Live album by Roswell Rudd and Duck Baker
- Released: 2021
- Recorded: January 5, 2002; March 28, 2004
- Venue: Tonic, New York City; The Outpost, Albuquerque, New Mexico
- Genre: Jazz
- Label: Dot Time Records DT8020

Roswell Rudd chronology
| Embrace (2017) | Live (2021) |  |

= Live (Roswell Rudd and Duck Baker album) =

Live is a live album by trombonist Roswell Rudd and guitarist Duck Baker. Five tracks were recorded at Tonic in New York City on January 5, 2002, while the remaining tracks were recorded at the Outpost in Albuquerque, New Mexico, on March 28, 2004. The album was released by Dot Time Records in 2021.

==Reception==

In a review for DownBeat, Howard Mandel wrote: "The unusual jazz trombone-folk guitar format provides for an unusual paring, one that requires a delicate balance regarding timbre and dynamics, which these players achieved through listening closely to each other. Rudd is a natural storyteller, full of detail and personality... Baker provides lovely, lilting rhythms, precisely graceful touch and rich personal imagination."

Jazz Journals Matthew Wright called the album "thoroughly enjoyable," and stated that it "reveals a landscape of improvisation and sound which shows mutual respect, close interaction and understanding, touching on shared reference points."

George W. Harris of Jazz Weekly described the album as "a surprisingly satisfying treat," and "a fantastically surprising successful mix of sounds, with moods ranging from pre-swing to the wide beyond of the future," and noted that "the genius of the album comes in the song selection."

A writer for Take Effect called the album "very interesting and cozy," and commented: "A very enticing platform for Rudd and Baker's immense talent, you might not feel that a duet record between guitar and trombone could yield such a result, but in these very capable hands it's to be expected."

Writing for The Whole Note, Stuart Broomer remarked: "these performances range from broad entertainment to high art... The duo is capable of playfulness and genuine sentiment, creating a sense of authentic dialogue."

Making a Scenes Jim Hynes wrote: "Baker's thoughtful accompaniment act as the perfect complement to Rudd's free-wheeling improvisation... This is a singular recording worth seeking out for fans of jazz and blues alike. It may be the only pairing of its kind."

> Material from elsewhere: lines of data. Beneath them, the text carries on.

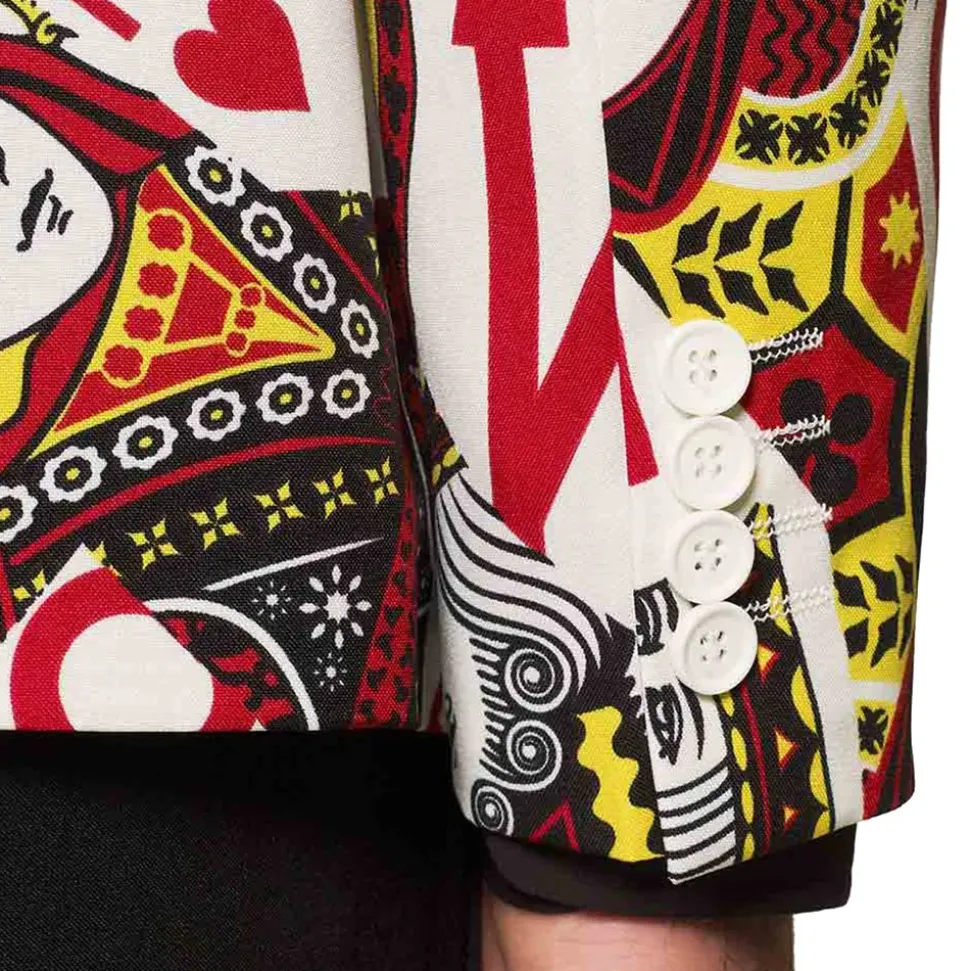 OppoSuits King of Clubs Herre Dressjakke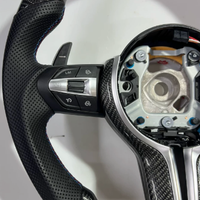 Volant en fibre de carbone pour BMW F30 F10 F05 F07 F12 F15 F36 F20 F22 F25 F32 F36 M3 M5 E70 E90 X3 X5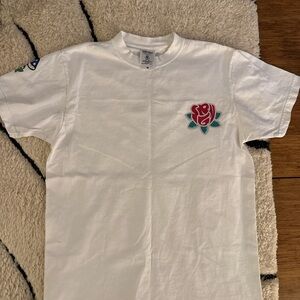 SRGN x Shaka Wear Limited Edition Heavyweight Tee w Grateful Dead Rose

Kevin Whitehead of The Audio Beat stated: "Trombone plus guitar is odd but not unknown... though usually with electric guitar, where Baker plays nylon or steel-string acoustic. Trombone and guitar do go together: both sound hefty in the tenor midrange, and both can get percussive. Boisterous Rudd never lost a Dixielander's love of a good racket..., and Baker has a forceful string attack and crack timing."

Professional ratings
Review scores
| Source | Rating |
| DownBeat |  |
| All About Jazz |  |
| Take Effect |  |
| The Audio Beat |  |

== Track listing ==
1. "The Happenings" – 7:00
2. "Buddy Bolden's Blues" – 3:14
3. "A Bouquet For JJ" – 4:22
4. "Melancholy People" – 7:44
5. "Well, You Needn't" – 5:44
6. "Bemsha Swing" – 5:06
7. "Going West" – 6:48
8. "Light Blue" – 4:54
9. "Show" – 7:08
10. "Church" – 10:07

- Tracks 3–5 and 9–10 were recorded at Tonic in New York City on January 5, 2002. Tracks 1–2 and 6–8 were recorded at the Outpost in Albuquerque, New Mexico on March 28, 2004.